~ kusala
[ ku-sa-la: Pali term meaning wholesome, skillful, good, meritorious. ]
[ Action characterized by this quality (kusala-kamma) is bound to result (eventually) in happiness and a favorable outcome. ]


2006-08-28 - 9:32 a.m.

Gilded Age Pathos

She looked at him gently. "Do you remember what you said to me once? That you could help me only by loving me? Well--you did love me for a moment; and it helped me. It has always helped me. But the moment is gone--it was I who let it go. And one must go on living. Goodbye."

She laid her other hand on his, and they looked at each other with a kind of solemnity, as though they stood in the presence of death. Something in truth lay dead between them--the love she had killed in him and could no longer call to life. But something lived between them also, and leaped up in her like an imperishable flame: it was the love his love had kindled, the passion of her soul for his.

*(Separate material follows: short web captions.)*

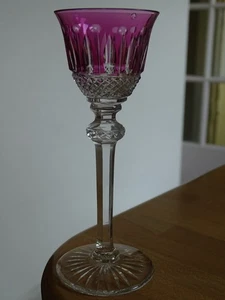 SAINT LOUIS VERRE LIQUEUR CRISTAL TAILLE TOMMY AMETHYSTE ht 13,5 cm signé défaut - Picture 1 of 8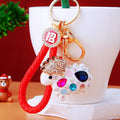 Jeweled Sheep Keychains With Braided Wrist Strap and Component Options view 1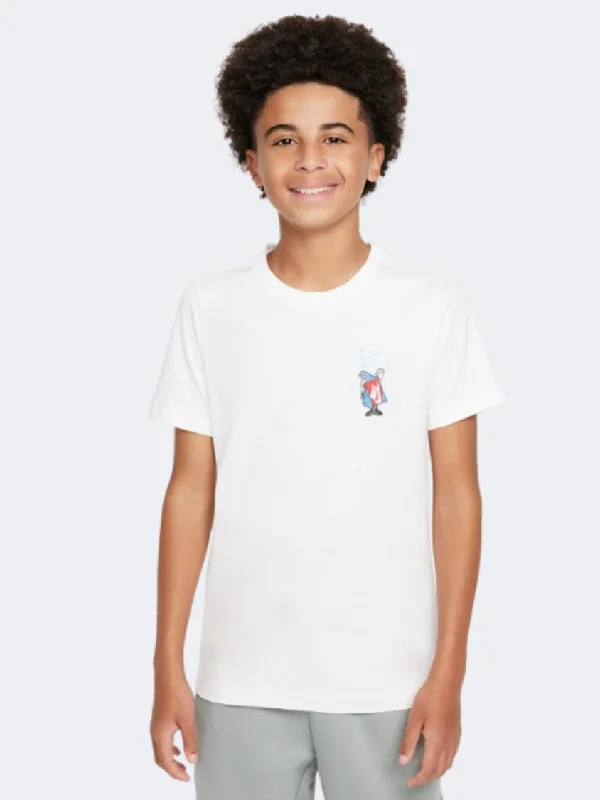 T-Shirt With Crop Top Style-Nike Boxy 3 Lunar New Year Boys Lifestyle T-Shirt White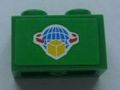 Lego Brick 1 x 2 with Box and Arrows and Globe on Green Background Pattern (Sticker) - Set 7733 / Green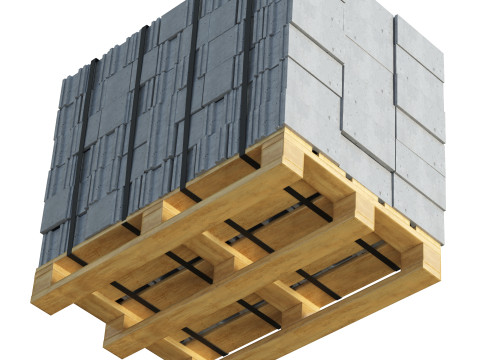 Cinder Blocks Stack On Pallet 3D Model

~ Edith Wharton, The House of Mirth

The end of this book could be described as somewhat melodramatic, yet I found myself very moved and saddened by it.

The line below isn't on its surface particularly original or profound, but I found it very significant:
"...the love she had killed in him and could no longer call to life."

I picked up a paperback copy of Ethan Frome a couple of weeks ago. I remember hardly anything from my tenth-grade reading of it, so it goes back on the list, somewhere after Londonstani and Mrs. Dalloway.